Tuesday, August 4, 2020

Bud's Books

Bud Kalette owned one of the oldest book stores in Carson City, Nevada.  Books & Antiques was housed in the bottom floor of an old Victorian on Curry Street, which rumor had as a former brothel.  For many years, he was also my sister Elenie’s landlord for her vintage clothing shop, Revelations, which was located several blocks away in the same old neighborhood, dotted with Arts & Crafts bungalows and stately Victorian homes.  Bud’s store straddled the abrupt dividing line between the Sierra Nevada range just a few blocks away, and the Great Basin desert splaying out into an infinite eastern horizon. 
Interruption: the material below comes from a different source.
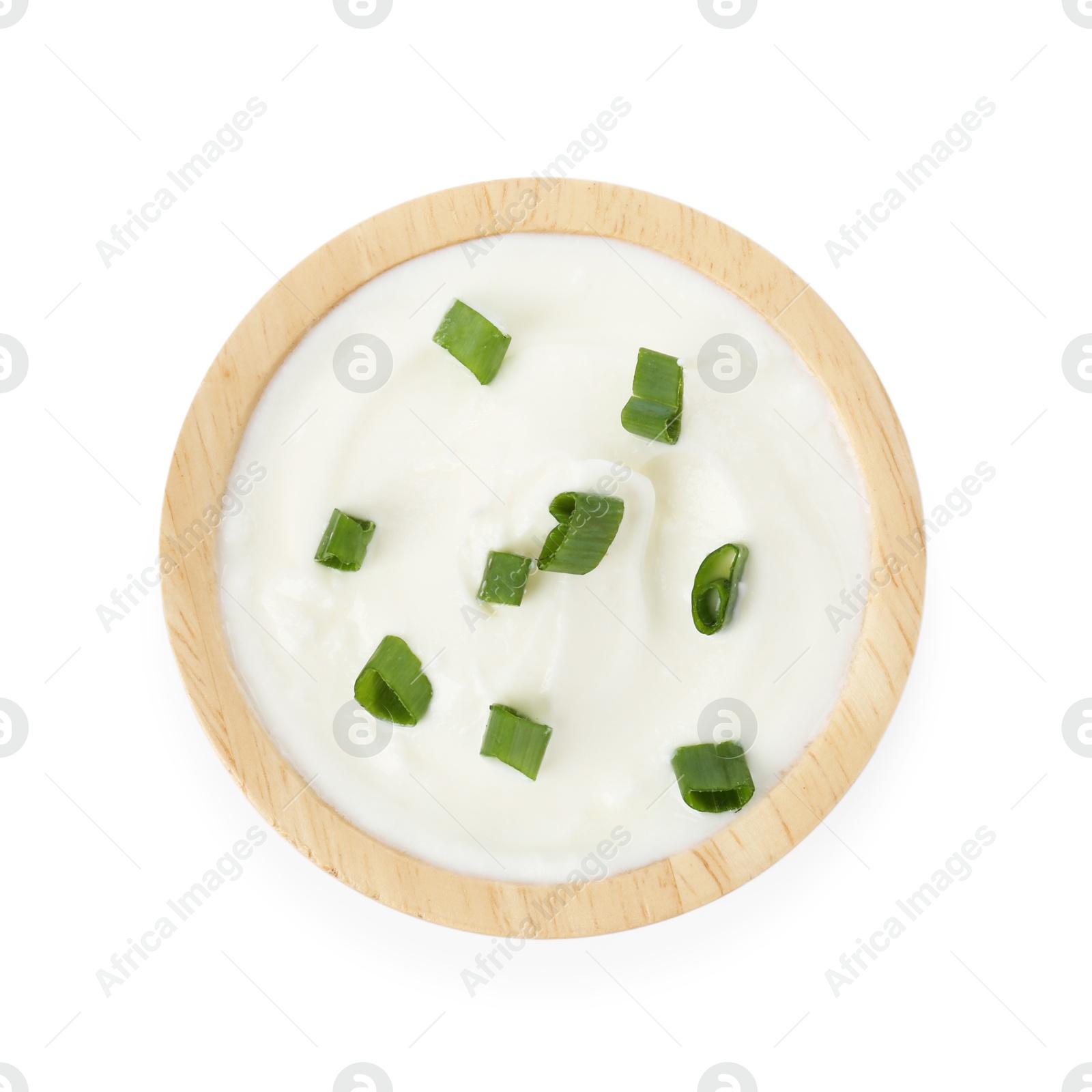 Photo of Tasty yoghurt with green onions in bowl isolated on white, top view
 Carson City had been the center of activity during the days of the Comstock Lode.  Mark Twain had lived and written here for a while.  The moneyed upper class, the successful miners and merchants built their fabulous homes as close to the mountains as they could.  And when the state of Nevada was established, Carson City became its capital.

 Drive a few blocks east from the vintage neighborhoods and the capitol building, and today’s Carson is an abysmal conglomeration of car dealerships, casinos, and strip malls lined along US Highway 395.  Several miles to the north is Reno, still trying to convince itself that it is the “biggest little city in the world”.

To the south, past Minden and Gardnerville, the road comes alive through places like Bridgeport where Robert Mitchum  starred in the noir classic Out of the Past, and Lee Vining, the gateway to Yosemite.  And just beyond that the tufa-studded shoreline of Mono Lake.

 In any case, my sister eventually abandoned the store idea, and a few years later old Bud passed away.  But Elenie knew Bud’s sister, who was liquidating the inventory, and who graciously allowed the two of us to have free reign in the store before all the books were sold off.  So one late summer afternoon, not long after the store had closed its doors forever to the public, the two of us were granted access to its dark and dusty shelves.  With only Bud’s sister hanging out at the counter, the two of us had as much time as we wanted to pick through boxes, open drawers, poke around the shelves, and just sit on the floor leafing through pages of history.

 

Bud had a fantastic collection of Western Americana, everything from books about Death Valley to the history of San Mateo County, California and the development of cable cars in the west.  He also had drawer upon drawer of antique postcards, the old hand tinted variety, carefully cataloged and arranged.

I ended up with a huge stack of hard-to-find titles, mostly regional tomes like a history of Inyo County and Memories of the Mendocino Coast.  I really could have looked for much longer but I wasn’t sure I could afford to do it.  As it turned out, when I went to cash out, Bud’s sister charged us a pittance to carry it all off.  

 

But the most priceless part of the experience was having the silence, the solitude and the time to just look to our hearts’ content, to graze through the piles of paper.  In the dim lower floor of an historic home. With no pressure to buy.  No crowded aisles.  But surrounded by the most wonderful array of written material one could imagine.  If I could have, I would have spent the night gladly on that hard wooden floor with all those books as my companions.  But eventually, like waking up from a blissful dream, we had to emerge into the harsh desert light and the white heat of reality.